#### THE INPUT ####

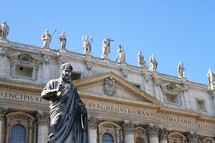 A statue of St. Peter outside of St. Peter's Basilica in Vatican City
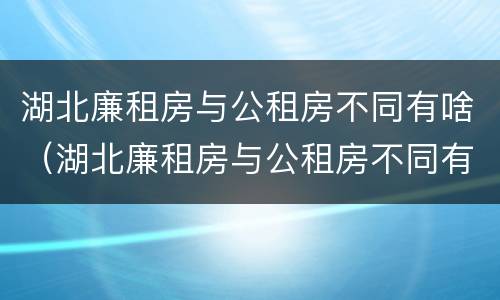 湖北廉租房与公租房不同有啥（湖北廉租房与公租房不同有啥影响）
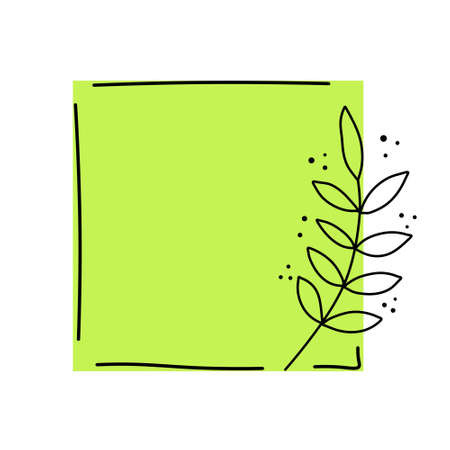 Background with copy space with natural pattern. Silhouette of plants and flowers for print and square label. Green Template for natural cosmetics.のイラスト素材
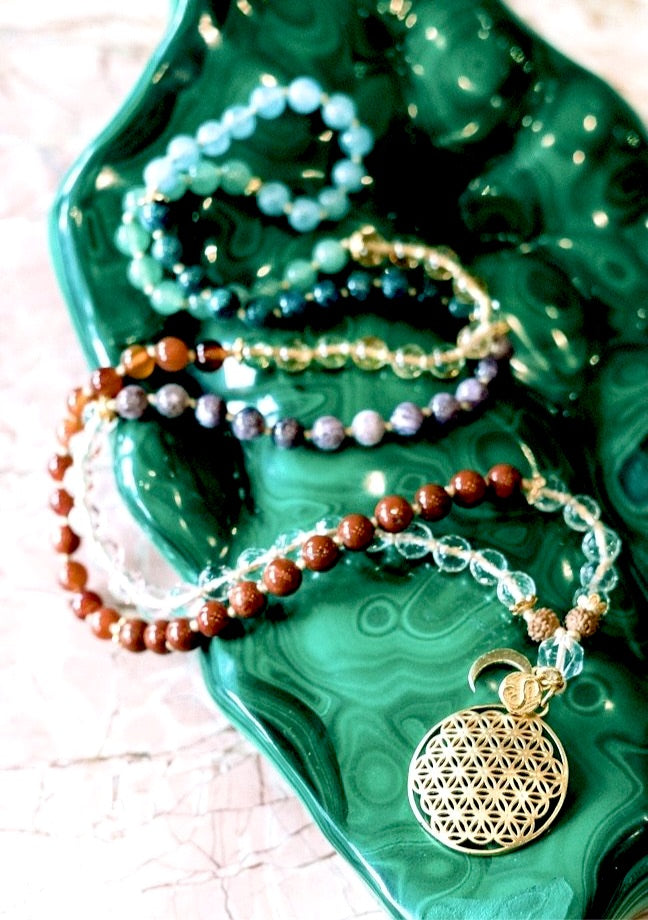 Chakra KUNDALINI 108 Bead Mala with Flower of Life by Shivoham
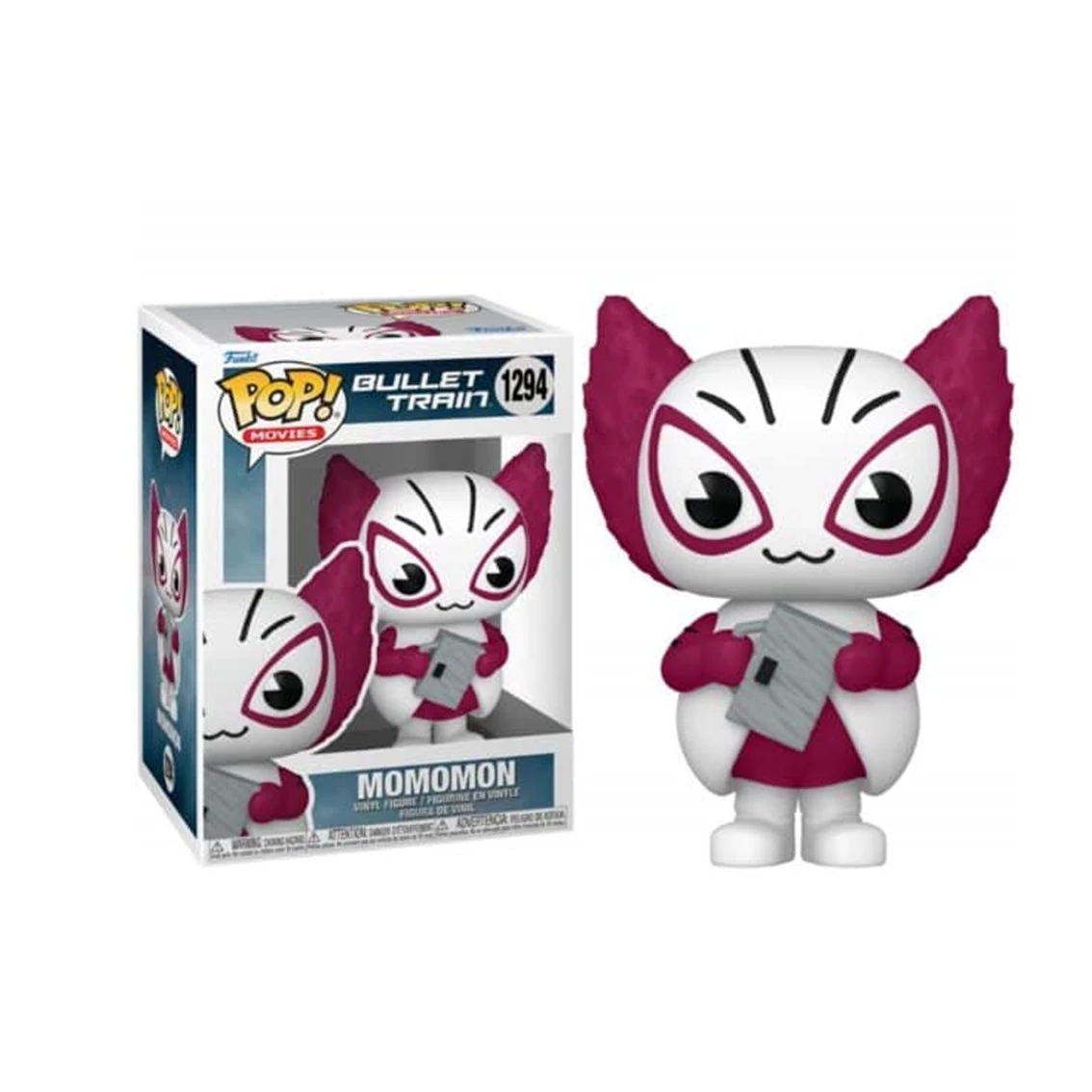 Una figura Funko Pop de Momomon de Bullet Train. Es blanco con detalles burdeos y sostiene un pequeño objeto gris.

####

§ **ACTIVITY**:
Without including any pictures, print each record exactly.

§ **RESULT FOR THIS TASK**:
 A statue of St. Peter outside of St. Peter's Basilica in Vatican City
 湖北廉租房与公租房不同有啥（湖北廉租房与公租房不同有啥影响）
 Background with copy space with natural pattern. Silhouette of plants and flowers for print and square label. Green Template for natural cosmetics.のイラスト素材
 Chakra KUNDALINI 108 Bead Mala with Flower of Life by Shivoham
 Una figura Funko Pop de Momomon de Bullet Train. Es blanco con detalles burdeos y sostiene un pequeño objeto gris.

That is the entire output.